Em dezembro do ano passado, o Opus Dei assistiu a derrota do seu candidato, Joaquim Laví, ex-assessor do ditador Augusto Pinochet, à presidência do Chile. Já em maio deste ano, colheu uma nova derrota com a candidatura de Lourdes Flores, declarada numerária do partido Unidade Nacional. Em compensação, a seita comemorou a vitória do narco-terrorista Álvaro Uribe na Colômbia, que também dispôs de milhões de dólares do governo George Bush. Já no México, outro conhecido simpatizante do Opus Dei, Felipe Calderon, ex-executivo da Coca-Cola, venceu uma das eleições mais fraudulentas da história deste país.
Um perigo sorrateiro
Agora, como afirma o estudioso Henrique Magalhães, “as esperança do Opus Dei se voltam para Geraldo Alckmin, que hoje é um dos seus quadros políticos de maior destaque. A Obra tenta fazer dele presidente e formar um eixo geopolítico com os governantes da Colômbia e do México, aos quais está intimamente associada”. De maneira ardilosa, a seita usará todos os “recursos”. Prova do seu método pode ser visto na recente eleição do Senado no Rio de Janeiro, onde foi desencadeada brutal campanha contra a candidatura da comunista Jandira Feghali.
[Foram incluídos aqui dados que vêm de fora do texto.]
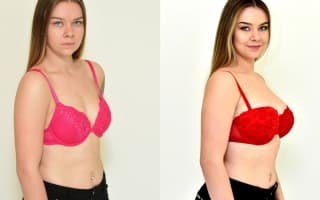 Breast enlargement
Não por acaso, dois dos principais numerários do país atuam neste estado: o bispo de Nova Friburgo, Rafael Cifuentes, e o bispo-auxiliar dom Antônio Augusto Dias Duarte.
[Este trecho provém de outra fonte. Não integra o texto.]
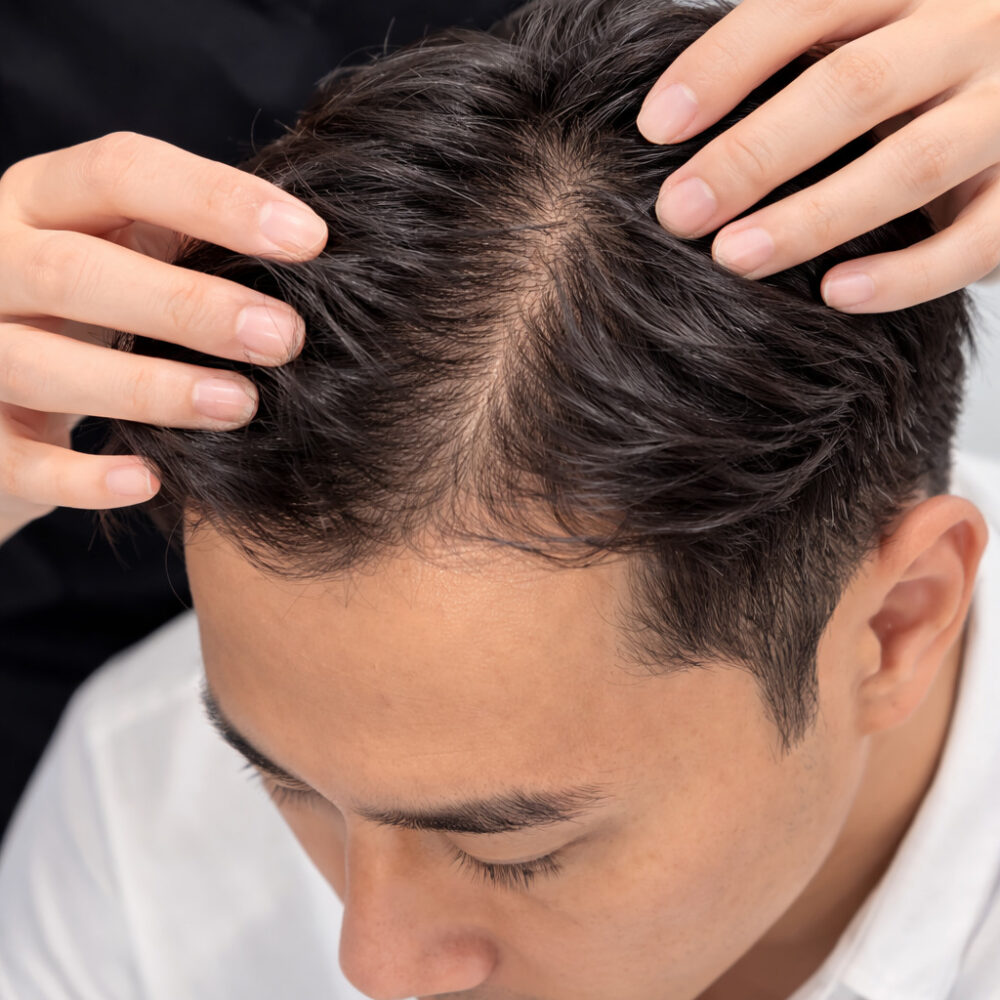 S.H.C Hair Loss - Related Scalp Hair Concern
Apesar de ter mentido numa recente sabatina ao jornal Folha de S.Paulo, quando afirmou que “não sou da Opus Dei; respeito quem é, mas não conheço”, hoje são notórias as estreitas relações de Geraldo Alckmin com esta seita fascista – desde os tempos de infância, no convívio com seu pai e o tio-ministro do STF da ditadura, até as irregulares “palestras do Morumbi”. Na excelente reportagem da revista Caros Amigos, a jornalista Marina Amaral lembra o constrangimento do padre Vicente Ancona, numerário do Opus Dei que lhe atendeu: “Quando perguntei ao padre Vicente Ancona se Alckmin estava recebendo orientação espiritual e desistiu por causa da repercussão, a resposta foi curta e grossa; ‘Exato’”.
- Altamiro Borges é jornalista, membro do Comitê Central do PCdoB, editor da revista Debate Sindical e autor do livro “As encruzilhadas do sindicalismo” (Editora Anita Garibaldi, 2ª edição).